### INSTRUCTIONS FOR THE TASK
Pictures are to be left out, and only the lines below starting at the one with "Oficinas de Banc Sabadell y CaixaBank." and ending at the one with "4273 Alpine Ave NW, Comstock Park, MI 49321" are to be reproduced, each exactly, both ends included.

### INPUT FOR THIS TASK
__________
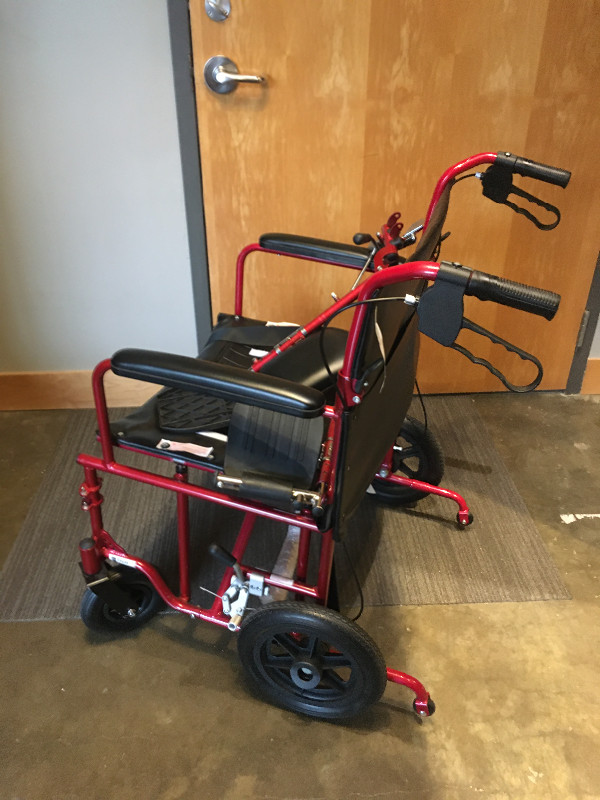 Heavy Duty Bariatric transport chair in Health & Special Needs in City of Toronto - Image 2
__________
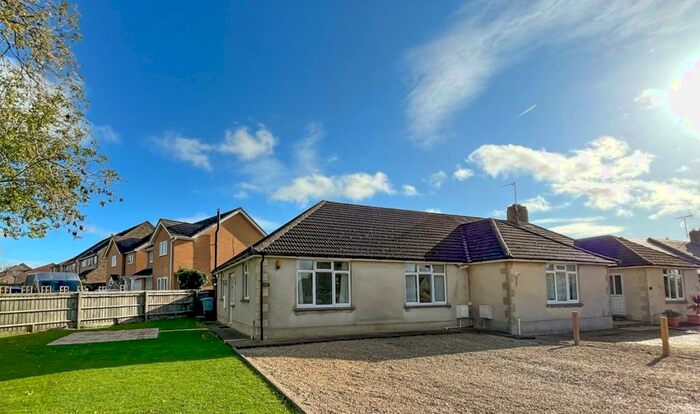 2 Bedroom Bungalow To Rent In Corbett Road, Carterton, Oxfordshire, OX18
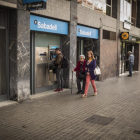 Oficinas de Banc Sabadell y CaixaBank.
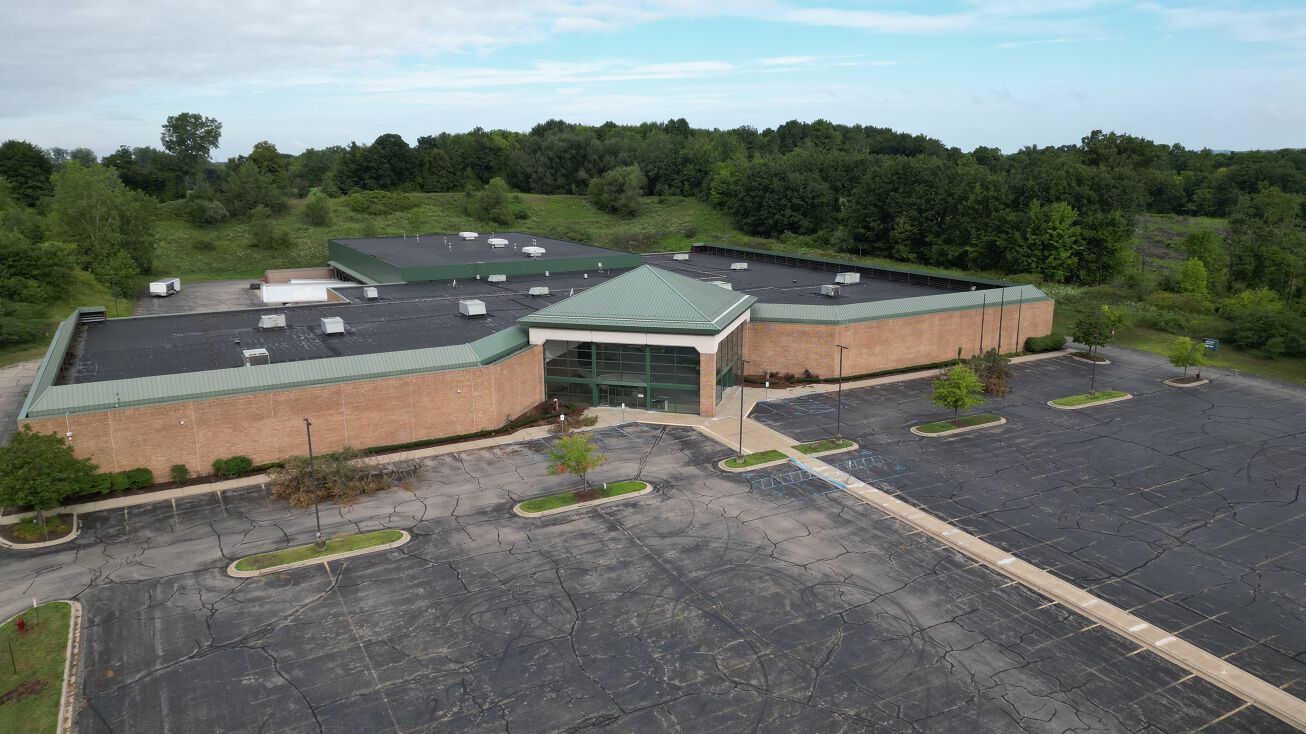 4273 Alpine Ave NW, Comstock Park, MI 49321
__________
### PROBLEM SOLUTION
 Oficinas de Banc Sabadell y CaixaBank.
 4273 Alpine Ave NW, Comstock Park, MI 49321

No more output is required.